Wealth

Top investor shares his No. 1 counterintuitive strategy for making tough decisions—it’s something ‘you haven’t even considered’

Sequoia Capital managing partner Roelof Botha has a strategy for making tough decisions.

The longtime venture capital investor honed it through decades of experience helping early-stage tech companies like YouTube and Instagram grow into industry giants. He repeatedly watched CEOs get stuck when trying to choose between two options, and it taught him a lesson.

“If you find yourself deciding between only two choices, maybe you need to widen the aperture,” Botha said on Sequoia’s “Crucible Moments” podcast, in a recent episode featuring billionaire entrepreneur Jack Dorsey. “Is there a third or fourth option that you haven’t even considered that you need to throw into the mix to really test whether that is the right path?”

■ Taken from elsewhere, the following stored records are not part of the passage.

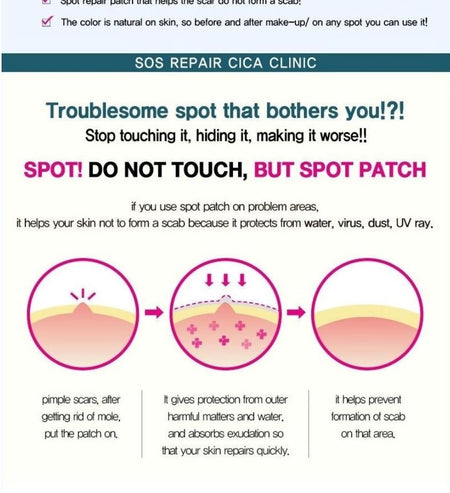 TOSOWOONG - SOS Repair Cica Clinic Acne Patch 66pcs, 1 pack x 66pcs, 20 g, 8809179102995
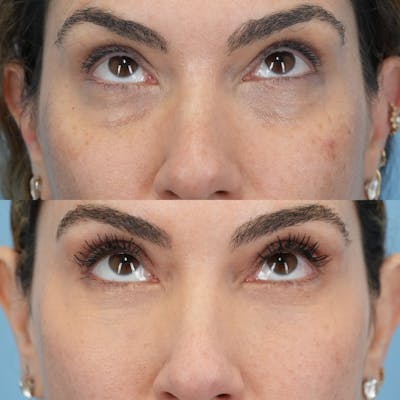 Lower Eyelids Before & After Gallery - Patient 119739 - Image 2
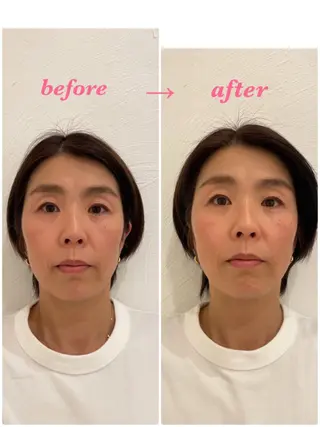 🌸美容鍼サロン🌸 メゾンブランシェ🌈のエステ・リラクイメージ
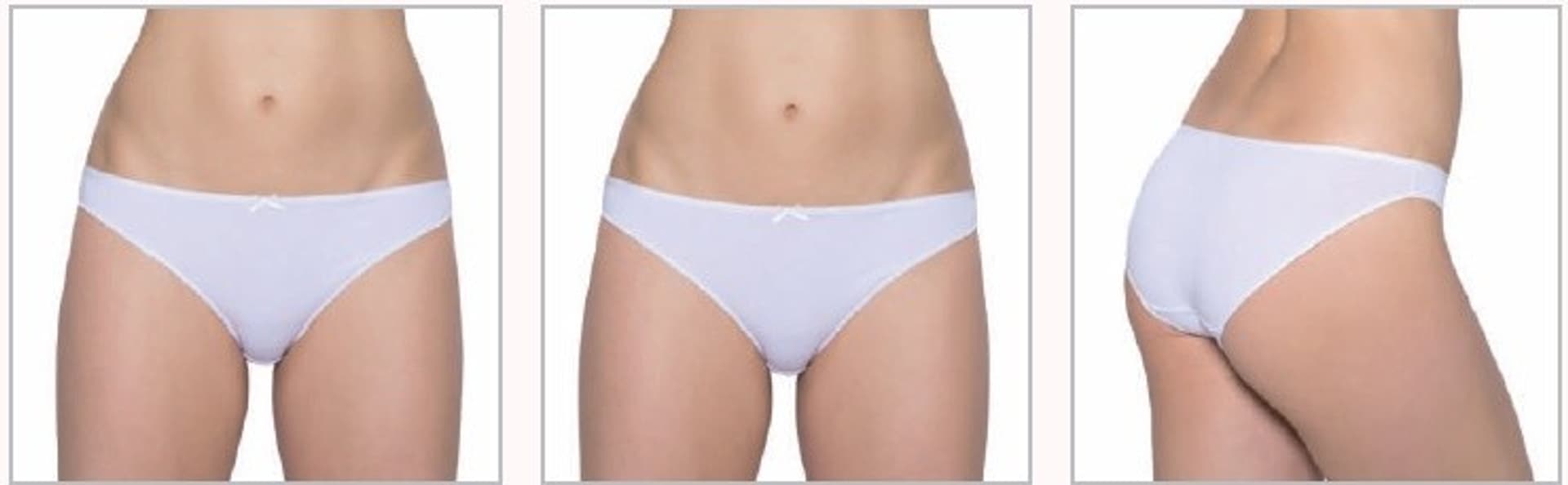 

FIGI MINI BIKINI L-400MB-01 (kolor biały, rozmiar M)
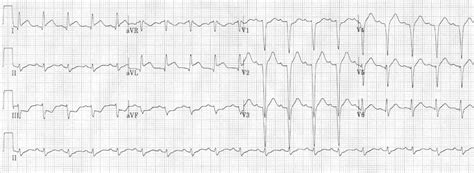 Anterior Stemi Ekg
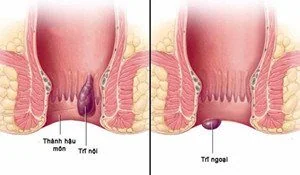 Bệnh viện Sante - Bệnh Trĩ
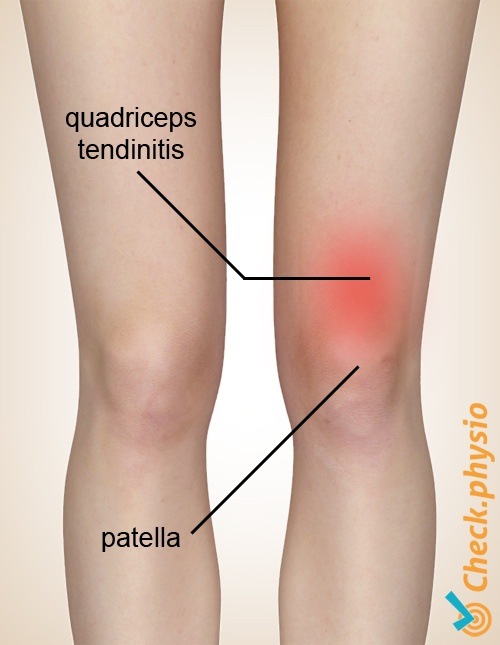 quadriceps tendinitis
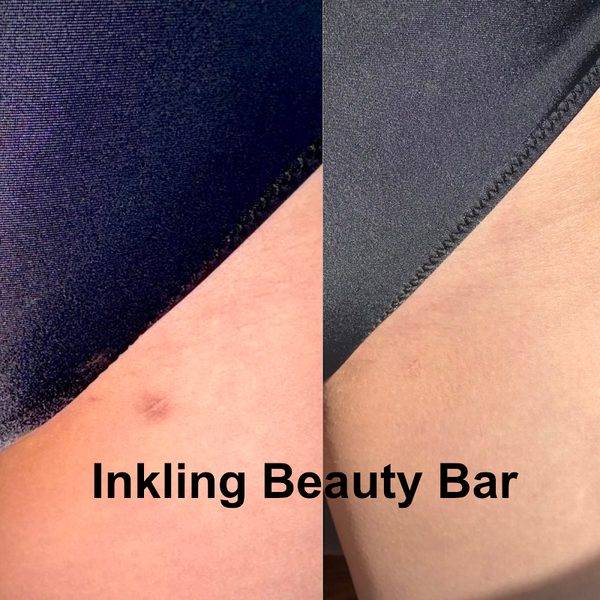 Inkling Beauty Bar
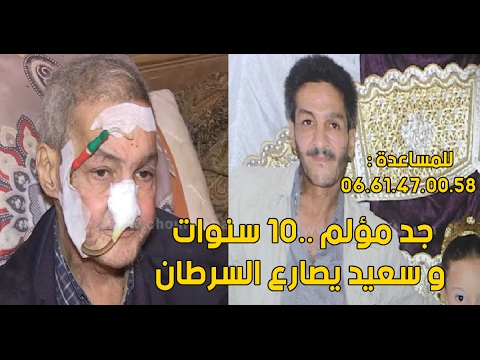 شاهد حالة خاصة ومؤلمة لشخص مريض بالسرطان1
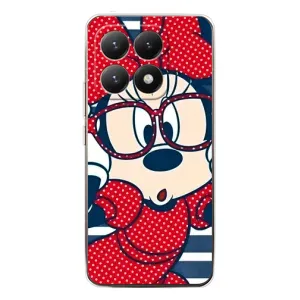 Эксклюзивный чехол для Xiaomi 15T (AlphaPrint - Мультяшные) (Маус в очках)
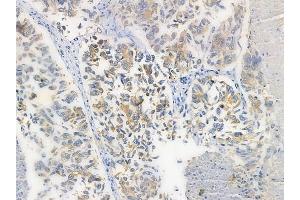 ABIN6260320 and ABIN6272259 at 1/100 staining human lung squamous cell carcinoma by IHC-P.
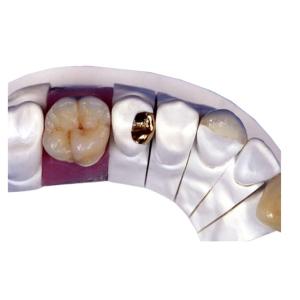 China PFM Porcelain Dental Crown wholesale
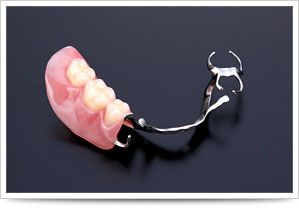 金属床義歯による修復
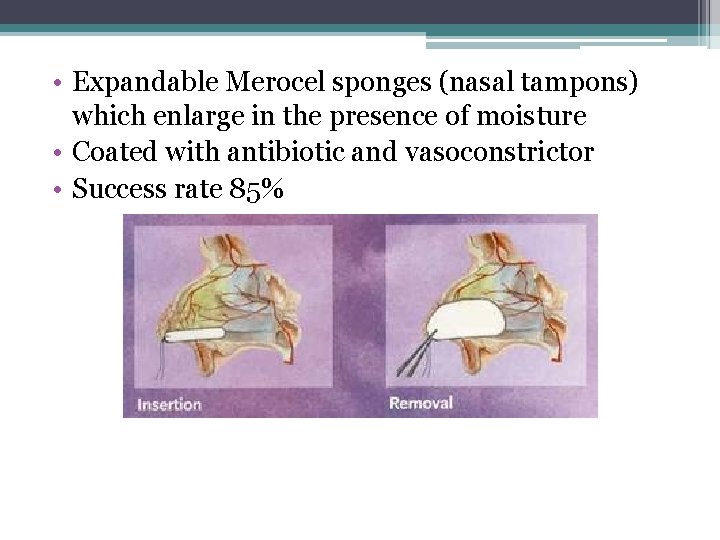  • Expandable Merocel sponges (nasal tampons) which enlarge in the presence of moisture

He cited Dorsey’s own payments business Block, where Botha sits on the company’s board, as an example. In 2011, the business was known as Square, and it was struggling to expand past its namesake product — a credit and debit card scanner that could plug into a smartphone’s headphone jack.

One of the company’s first attempts to broaden its customer base was an app called Square Wallet, which customers could use to pay Square merchants. Another was a $25 million deal with Starbucks: The coffee giant invested in the company, and in return, carried out all in-store transactions with the startup’s technology.

Both ideas were meant to help the company reach more people. Merchants may have known about its credit card scanner, but everyday buyers didn’t need it, Dorsey said.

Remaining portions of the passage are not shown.